La Repubblica

L’industria del cybercrime adesso ha consulenti e customer care

Maze, la gang criminale che prende lo stesso nome dello strumento di ricatto che ha creato, è stata la prima a introdurre un modello di “doppia estorsione” nel panorama del crimine informatico alla fine del 2019 minacciando le vittime di rilasciare i dati rubati di quelli che si rifiutano di pagare il riscatto. Per farlo hanno creato un sito ad hoc coi dataleak, chiamato Maze News, che riporta il giorno dell’attacco, i dati relativi all’infezione, i documenti rubati (file Office e PDF), la loro dimensione, perfino l’elenco degli indirizzi IP e dei nomi delle macchine del server infetti. E, ciliegina sulla torta, riporta i nomi delle società che si sarebbero rifiutate di pagare il riscatto. L’elenco delle vittime della banda è lungo e va da Canon, a LG Electronics fino a Xerox. La tecnica della doppia estorsione è stata successivamente adottata da altre gang di ransomware, tra cui REvil, DoppelPaymer, Nefilim e Clop.

Ma stavolta il portavoce che ha chiarito come il gruppo Maze ha smesso le sue incursioni cibernetiche addirittura da settembre, ha pure spiegato che i suoi hacker stanno cercando di estorcere gli ultimi riscatti prima di chiudere questo capitolo della propria storia. Il sito dove collocano i data leak, cioè i dati trafugati ai bersagli, è sempre meno popolato. E quasi tutte le vittime, a parte un paio, ne sono state rimosse. Rimangono però i file di chi ha deciso di non pagare.

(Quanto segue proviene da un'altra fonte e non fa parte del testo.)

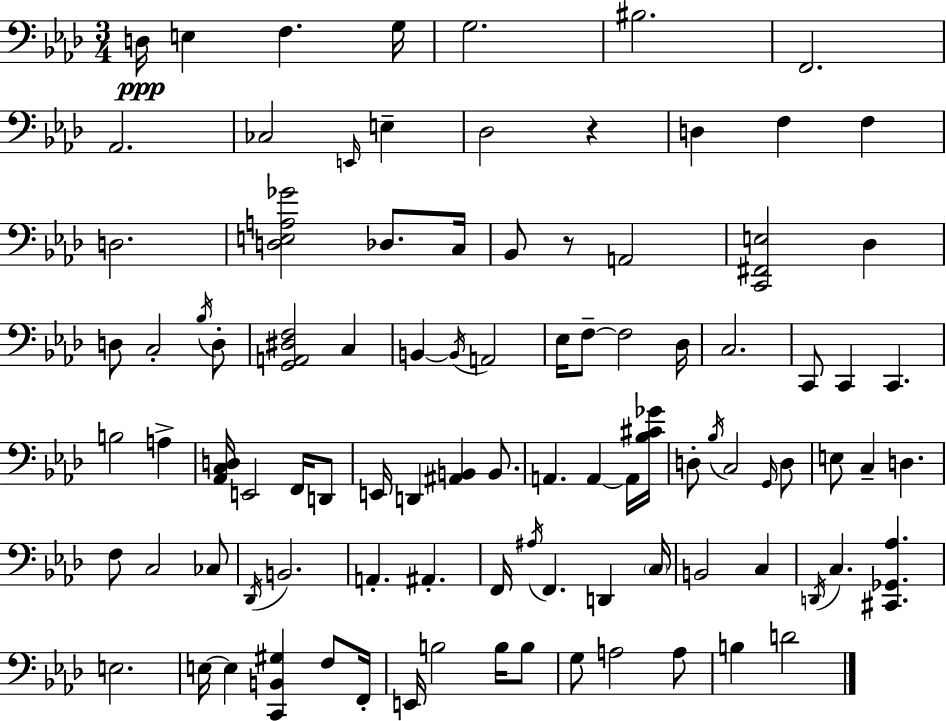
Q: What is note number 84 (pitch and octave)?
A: A3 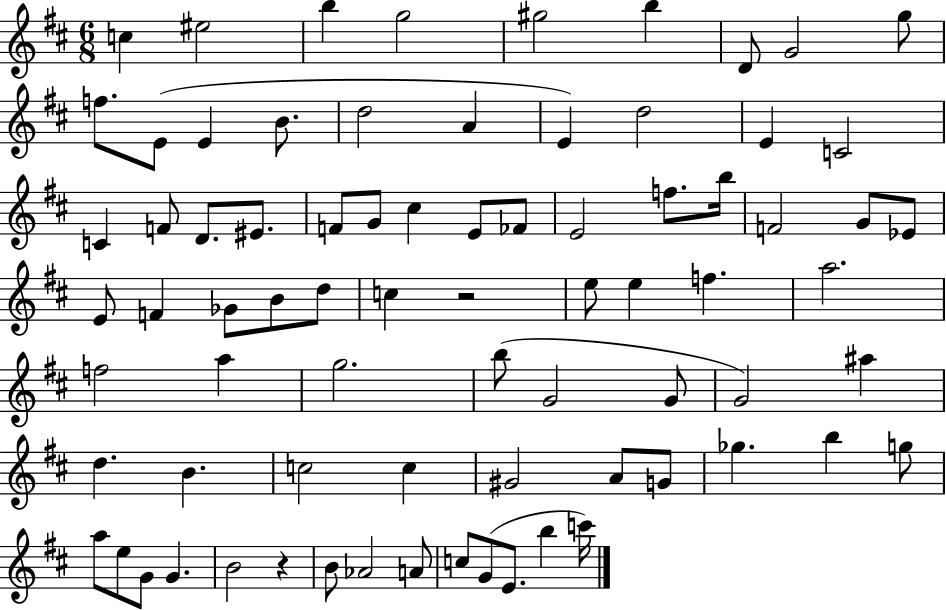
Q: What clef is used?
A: treble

Ma perché hanno deciso di abbandonare il campo e iniziato a smantellare le infrastrutture che hanno usato fino a oggi? Non sembrano avere paura della polizia che pure gli sta addosso. Nell’underground se ne parla parecchio e secondo alcuni analisti potrebbe essere un depistaggio: i membri della gang Maze starebbero cercando nuove affiliazioni, in particolare verso il gruppo chiamato Egregor le cui prime operazioni utilizzerebbero le stesse strategie e buona parte del codice di Maze. Quindi il dubbio è che sia solo un modo per fare ulteriore pressione sui proprietari dei dati rubati quando affermano: “Diffidate da chiunque vi chieda informazioni per essere cancellati dal nostro sito. Potete contattare il supporto di Maze via chat per un altro mese ancora”. Insomma come dire “se non pagate entro un mese non ci sarà più nessuno in grado di cancellare i vostri dati dal sito.”

Se la prendono anche coi giornalisti: “Il cartello Maze esiste solo nella testa dei giornalisti che ne hanno scritto”. E poi finiscono per giustificare lo scioglimento “a causa di un mondo che sta precipitando nell’indifferenza, nella pigrizia e nella stupidità”, fino a polemizzare con le aziende di cybersecurity che non farebbero abbastanza per il loro clienti. Ma finiscono con una minaccia: “Torneremo per mostrarvi i vostri errori e portarvi fuori dal labirinto”. “Maze”, appunto.

Secondo l’esperto di cybersecurity e consulente Enisa, Pierluigi Paganini, però si starebbero solo riorganizzando. “È probabile che ci siano stati dissidi tra i membri del gruppo, – dice – forse, come accade in tante startup, i membri più esperti a un certo punto hanno deciso di dare vita a un nuovo gruppo per guadagnare di più”. “I modelli di affiliazione del cybercrime lo rendono facile, dopo aver appreso quello che c’è da apprendere, i membri delle gang si mettono in proprio per rivendere il malware. Lo stesso decryptor (il file che sblocca il ransomware, dopo il pagamento del riscatto, ndr) che viene inviato alle vittime di ransomware è identico a quello di Maze, gli hanno solo cambiato il nome”.

Insomma, questa sarebbe la dimostrazione che le gang dei cybercriminali operano come le imprese lecite e che hanno un un ciclo di vita come le aziende normali. Inseguono le opportunità di mercato, impiegano i consulenti più bravi e certo non spariscono dall’ecosistema criminale, ma diversificano i loro prodotti creando nuovi marchi. “Una filiazione diretta della logica del ‘crime as a service”, il crimine a consumo, sostiene Paganini.